● What the task asks:
Transcribe exactly, and only, the lines that fall between the line containing "Simplicity 1953 Misses" and the last line of the material, both ends included, omitting any pictures.

● Data block:
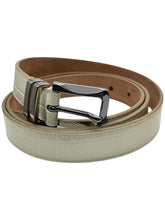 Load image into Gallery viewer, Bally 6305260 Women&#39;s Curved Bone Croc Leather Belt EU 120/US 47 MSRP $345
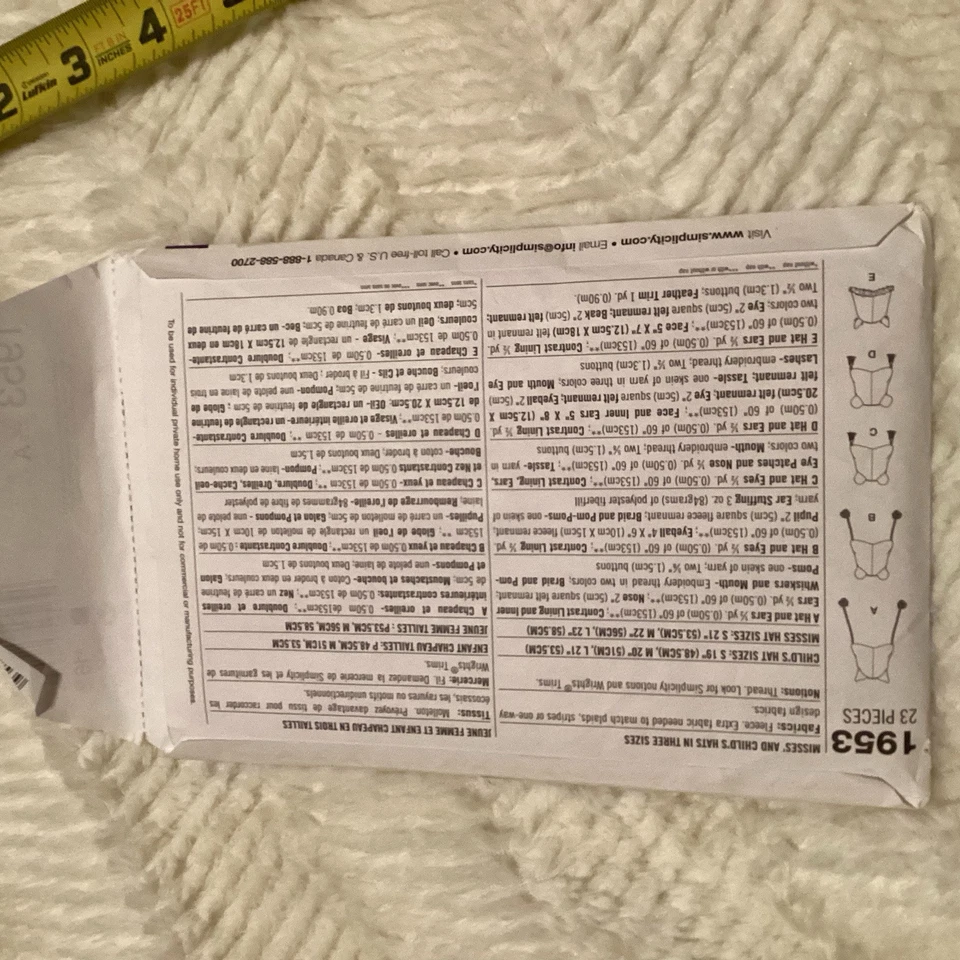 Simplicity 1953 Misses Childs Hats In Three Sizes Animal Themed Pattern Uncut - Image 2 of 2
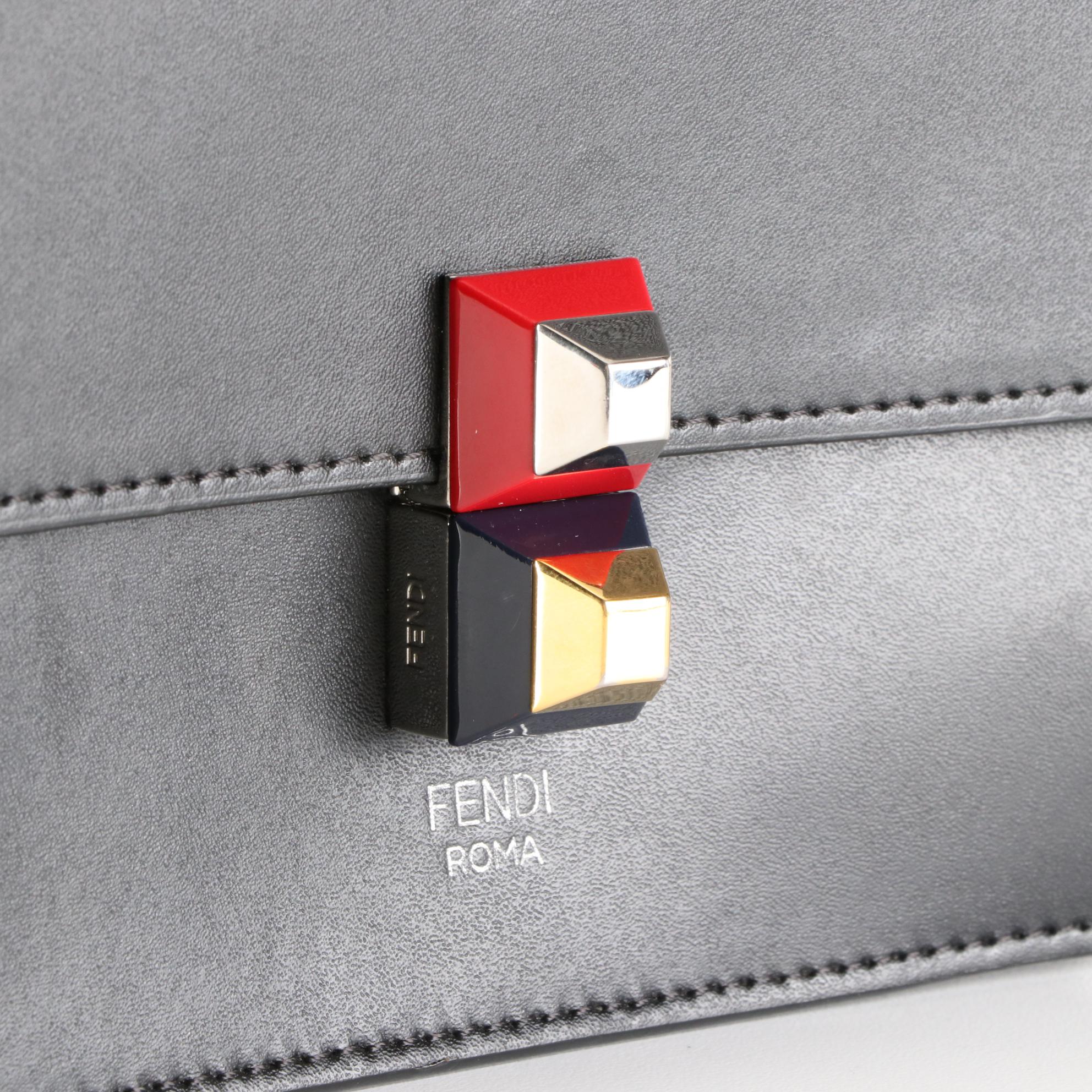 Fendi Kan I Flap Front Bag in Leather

● Result of this task:
 Simplicity 1953 Misses Childs Hats In Three Sizes Animal Themed Pattern Uncut - Image 2 of 2
 Fendi Kan I Flap Front Bag in Leather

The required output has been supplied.